* [Dataset entries]:
'''
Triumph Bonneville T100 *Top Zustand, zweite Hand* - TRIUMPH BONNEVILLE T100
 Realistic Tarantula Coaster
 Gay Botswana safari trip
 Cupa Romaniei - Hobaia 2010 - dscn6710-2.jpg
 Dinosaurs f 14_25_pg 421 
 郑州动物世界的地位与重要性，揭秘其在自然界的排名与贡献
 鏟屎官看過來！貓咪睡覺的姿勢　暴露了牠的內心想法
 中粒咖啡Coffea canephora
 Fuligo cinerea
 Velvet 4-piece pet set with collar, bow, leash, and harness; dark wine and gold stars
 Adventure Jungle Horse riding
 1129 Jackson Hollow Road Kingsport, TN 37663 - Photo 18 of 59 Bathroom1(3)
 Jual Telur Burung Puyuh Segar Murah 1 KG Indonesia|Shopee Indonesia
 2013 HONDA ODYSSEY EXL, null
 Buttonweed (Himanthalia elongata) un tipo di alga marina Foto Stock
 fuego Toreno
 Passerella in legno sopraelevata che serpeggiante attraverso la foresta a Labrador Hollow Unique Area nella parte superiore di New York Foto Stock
'''
* [PROBLEM DESCRIPTION]: When you reach the line containing "Realistic Tarantula Coaster" in the data above, start copying exactly, and stop after the line containing "Fuligo cinerea".

* [RESULT FOR THIS EXERCISE]:
 Realistic Tarantula Coaster
 Gay Botswana safari trip
 Cupa Romaniei - Hobaia 2010 - dscn6710-2.jpg
 Dinosaurs f 14_25_pg 421 
 郑州动物世界的地位与重要性，揭秘其在自然界的排名与贡献
 鏟屎官看過來！貓咪睡覺的姿勢　暴露了牠的內心想法
 中粒咖啡Coffea canephora
 Fuligo cinerea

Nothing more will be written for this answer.